From: Benjamin Herrenschmidt on
On Wed, 2010-03-03 at 12:47 +0900, FUJITA Tomonori wrote:
> The ways to improve the approach (introducing PG_arch_2 or marking a
> page clean on dma_unmap_* with DMA_FROM_DEVICE like ia64 does) is up
> to architectures.

How does the above work ? IE, the dma unmap will flush the D side but
not the I side ... or is the ia64 flush primitive magic enough to do
both ?

Cheers,
Ben.


--
To unsubscribe from this list: send the line "unsubscribe linux-kernel" in
the body of a message to majordomo(a)vger.kernel.org
More majordomo info at http://vger.kernel.org/majordomo-info.html
Please read the FAQ at http://www.tux.org/lkml/
From: James Bottomley on
On Wed, 2010-03-03 at 16:10 +1100, Benjamin Herrenschmidt wrote:
> On Wed, 2010-03-03 at 12:47 +0900, FUJITA Tomonori wrote:
> > The ways to improve the approach (introducing PG_arch_2 or marking a
> > page clean on dma_unmap_* with DMA_FROM_DEVICE like ia64 does) is up
> > to architectures.
>
> How does the above work ? IE, the dma unmap will flush the D side but
> not the I side ... or is the ia64 flush primitive magic enough to do
> both ?

The point is that in a well regulated system, the I cache shouldn't need
extra flushing in the kernel. We should only be faulting in R-X pages.
If we're operating on RWX pages (i.e. self modifying code), it's the job
of userspace to keep I/D coherency.

So the only case the kernel needs to worry about is the R-X fault case
for executable text code.

James


--
To unsubscribe from this list: send the line "unsubscribe linux-kernel" in
the body of a message to majordomo(a)vger.kernel.org
More majordomo info at http://vger.kernel.org/majordomo-info.html
Please read the FAQ at http://www.tux.org/lkml/
From: FUJITA Tomonori on
On Wed, 03 Mar 2010 16:10:32 +1100
Benjamin Herrenschmidt <benh(a)kernel.crashing.org> wrote:

> On Wed, 2010-03-03 at 12:47 +0900, FUJITA Tomonori wrote:
> > The ways to improve the approach (introducing PG_arch_2 or marking a
> > page clean on dma_unmap_* with DMA_FROM_DEVICE like ia64 does) is up
> > to architectures.
>
> How does the above work ? IE, the dma unmap will flush the D side but
> not the I side ... or is the ia64 flush primitive magic enough to do
> both ?

On ia64 platform, I (and D) cache is coherent with the memory that you
did DMA to, I think. But better to ask an ia64 guru. :)
--
To unsubscribe from this list: send the line "unsubscribe linux-kernel" in
the body of a message to majordomo(a)vger.kernel.org
More majordomo info at http://vger.kernel.org/majordomo-info.html
Please read the FAQ at http://www.tux.org/lkml/
From: Russell King - ARM Linux on
On Wed, Mar 03, 2010 at 11:10:09AM +0530, James Bottomley wrote:
> On Wed, 2010-03-03 at 16:10 +1100, Benjamin Herrenschmidt wrote:
> > On Wed, 2010-03-03 at 12:47 +0900, FUJITA Tomonori wrote:
> > > The ways to improve the approach (introducing PG_arch_2 or marking a
> > > page clean on dma_unmap_* with DMA_FROM_DEVICE like ia64 does) is up
> > > to architectures.
> >
> > How does the above work ? IE, the dma unmap will flush the D side but
> > not the I side ... or is the ia64 flush primitive magic enough to do
> > both ?
>
> The point is that in a well regulated system, the I cache shouldn't need
> extra flushing in the kernel. We should only be faulting in R-X pages.
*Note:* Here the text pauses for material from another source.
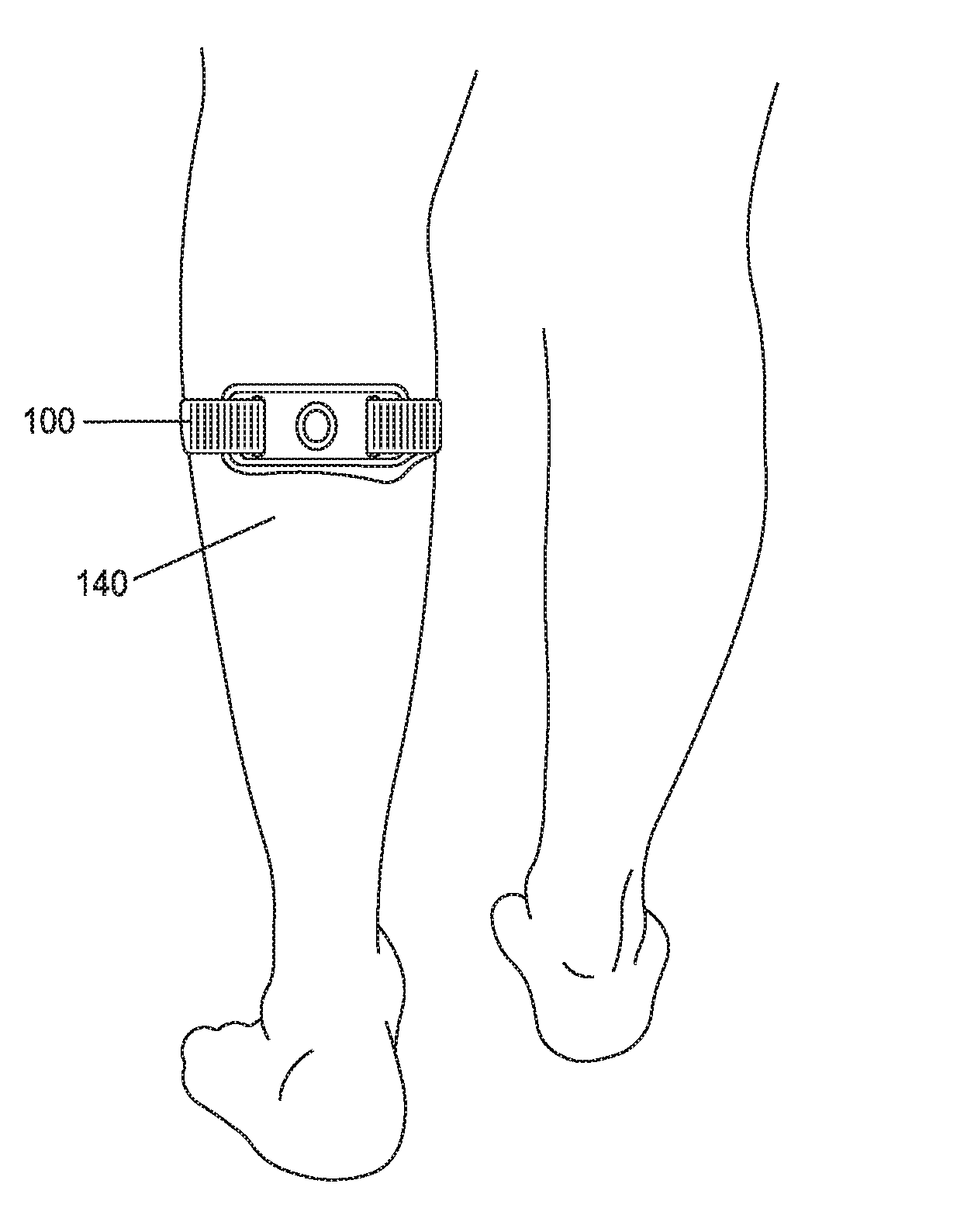 Measuring the “on-skin” time of a transcutaneous electrical nerve stimulator (TENS) device in order to minimize skin irritation due to excessive uninterrupted wearing of the same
James, that's a pipedream. If you have a processor which doesn't support
NX, then the kernel marks all regions executable, even if the app only
asks for RW protection.

You end up with the protection masks always having VM_EXEC set in them,
so there's no way to distinguish from the kernel POV which pages are
going to be executed and those which aren't.
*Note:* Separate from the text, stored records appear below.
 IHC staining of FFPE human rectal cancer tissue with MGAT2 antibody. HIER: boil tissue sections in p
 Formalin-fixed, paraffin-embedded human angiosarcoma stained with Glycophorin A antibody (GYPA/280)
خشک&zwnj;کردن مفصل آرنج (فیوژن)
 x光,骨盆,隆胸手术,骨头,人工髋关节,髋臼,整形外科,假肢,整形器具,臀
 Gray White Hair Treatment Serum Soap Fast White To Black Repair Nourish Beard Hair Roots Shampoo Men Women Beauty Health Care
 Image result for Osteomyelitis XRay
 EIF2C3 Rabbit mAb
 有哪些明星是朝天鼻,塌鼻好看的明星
And if you can't do that, you have to _always_ flush the I cache for
every page fault, because you don't know if the I cache is out of sync
with the page that you've just read in from disk - and therefore you
may end up executing bad code instead of the glibc text that was
intended.

So here's the question: in a system where the responsibility for I-cache
flushing is in userspace, how do you ensure that you can execute code
in userspace to do this I-cache flushing without first having flushed
the (speculatively prefetching) I-cache?
--
To unsubscribe from this list: send the line "unsubscribe linux-kernel" in
the body of a message to majordomo(a)vger.kernel.org
More majordomo info at http://vger.kernel.org/majordomo-info.html
Please read the FAQ at http://www.tux.org/lkml/
From: James Bottomley on
On Wed, 2010-03-03 at 09:36 +0000, Russell King - ARM Linux wrote:
> On Wed, Mar 03, 2010 at 11:10:09AM +0530, James Bottomley wrote:
> > On Wed, 2010-03-03 at 16:10 +1100, Benjamin Herrenschmidt wrote:
> > > On Wed, 2010-03-03 at 12:47 +0900, FUJITA Tomonori wrote:
> > > > The ways to improve the approach (introducing PG_arch_2 or marking a
> > > > page clean on dma_unmap_* with DMA_FROM_DEVICE like ia64 does) is up
> > > > to architectures.
> > >
> > > How does the above work ? IE, the dma unmap will flush the D side but
> > > not the I side ... or is the ia64 flush primitive magic enough to do
> > > both ?
> >
> > The point is that in a well regulated system, the I cache shouldn't need
> > extra flushing in the kernel. We should only be faulting in R-X pages.
>
> James, that's a pipedream. If you have a processor which doesn't support
> NX, then the kernel marks all regions executable, even if the app only
> asks for RW protection.

I'm not talking about what the processor supports ... I'm talking about
what the user sets on the VMA. My point is that the kernel only has
responsibility in specific situations ... it's those paths we do the I/D
coherency on.

> You end up with the protection masks always having VM_EXEC set in them,
> so there's no way to distinguish from the kernel POV which pages are
> going to be executed and those which aren't.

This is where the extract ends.